We then analyze the energy estimation achieved with a low sampling-rate dynamic signal. We firstly propose a signal processing methodology to simulate the effect of down-sampling on measured mission profiles. We propose a statistical characterization of the error introduced by the low sampling rate signal using real-data collected by two cars during several days. Experimental results suggest two methodologies to statistically compensate the average and reduce the variance of the energy estimation error.

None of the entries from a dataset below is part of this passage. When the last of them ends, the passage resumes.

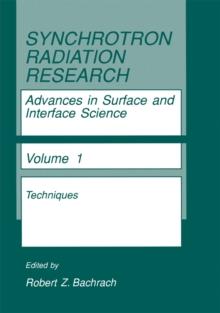 Synchrotron Radiation Research : Advances in Surface and Interface Science Techniques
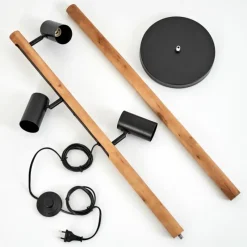 Luminaires Scandinaves-hofstein Lampadaire Arbrentin Écru, Noir, 3 lumières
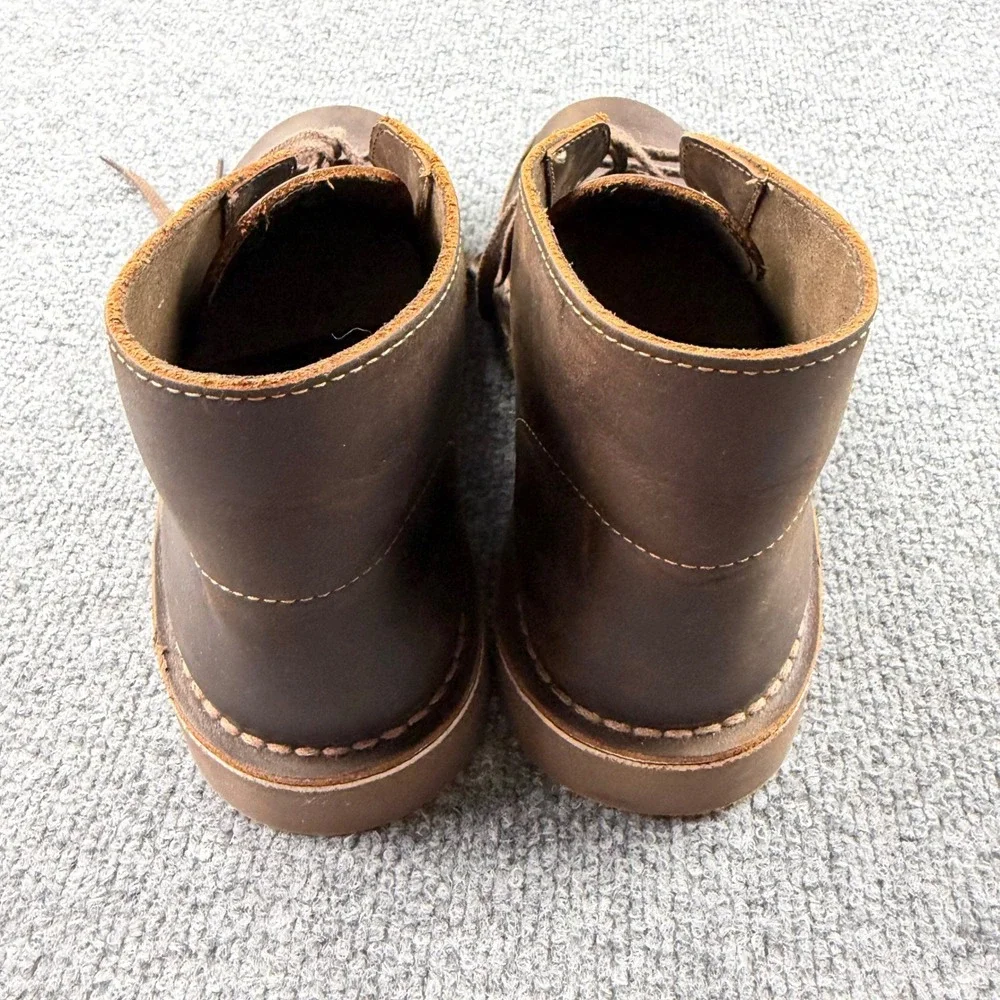 Clarks Bushacre 3 Mens 7.5 Brown Beeswax Leather Chukka Desert Boots 26082286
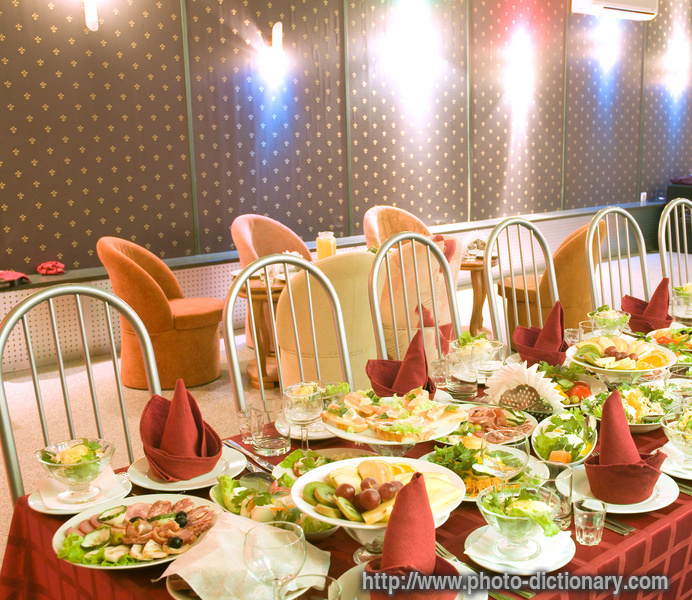 banquet - photo/picture definition - banquet word and phrase image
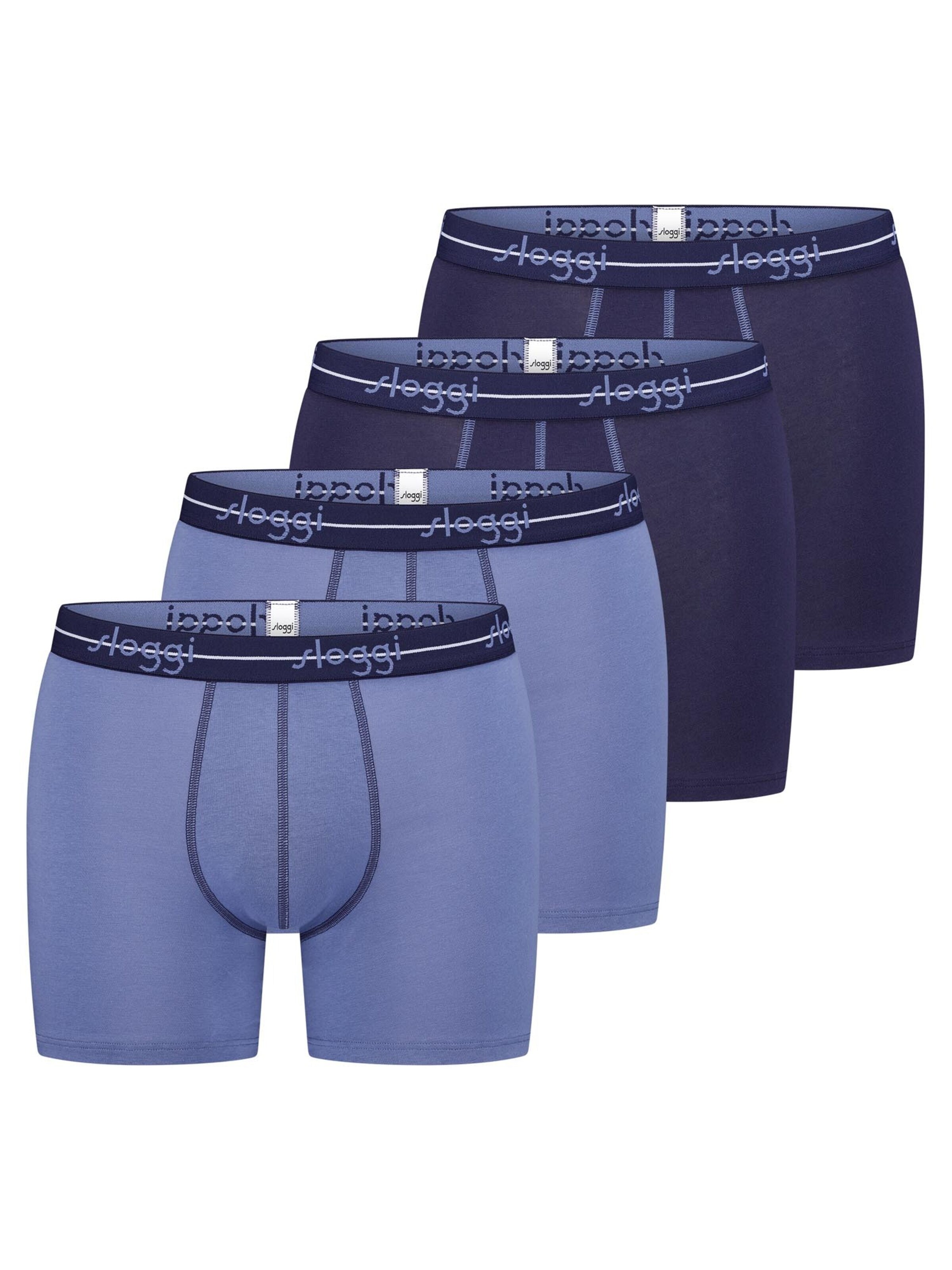SLOGGI Boxershorts 'men Start'‌‌‌‌‌ in Blau: Vorderseite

Since most of the remaining parts of the Thesis rely on smartphone embedded inertial sensor we develop an experimental analysis and evaluation of these sensors measurements. For this aim we carry out an experimental acquisition campaign on urban and extra-urban roads using two vehicles, and comparing four smartphones¿ measurements with an external reference system. Then, we design a signal processing chain for reducing the signals noise and compensating the device orientation. Finally, we propose a data-fusion algorithm to reconstruct the vehicle longitudinal dynamic and to compute the power consumption.
In the last three chapters of the Thesis we propose three innovative application that exploit inertial measurements.
First, we design and develop a system able to assess in real-time the driving-style. The system is fully integrated in a smartphone application, which acquires the signals related to the vehicle dynamics (velocity and acceleration) and computes three power-related indexes. The system provides visual feedbacks to the driver who modifies his behavior accordingly. Finally, to experimentally prove the effectiveness the proposed approach we design and carry out an experimental campaign with five volunteers and an electric car. Experimental results show that the interaction between the driver and the system improves the driving-style and reduces the overall vehicle consumption.
Second, we propose a novel method to estimate in real-time the CO2 emissions related to the user¿s mode of transportation. We design an algorithm to automatically classify the users mode of transportation in eight classes (car, bus, train, subway, motorcycle, walking, biking, still) using inertial information gathered from smartphone sensors. Since we choose a black-box supervised learning approach we develop a working Android application to collect data for training and validating the model and we design an experimental acquisition campaign with ten anonymous volunteers. Experimental results show that the proposed system is able to identify the mode of transportation with an average accuracy greater than 80%.
Third, we propose a methodology to simulate Electric Vehicles (EVs) and Series-Hybrid Electric Vehicles (SHEVs) energy profiles from measured inertial mission profiles. The simulation approach can be applied to several problems. We focus on two examples: obtain reliable EV grid load profiles and determine the optimal sizing for the battery pack and the range-extender of an SHEV. Examples of the simulation approach and of the two applications are provided with real-data.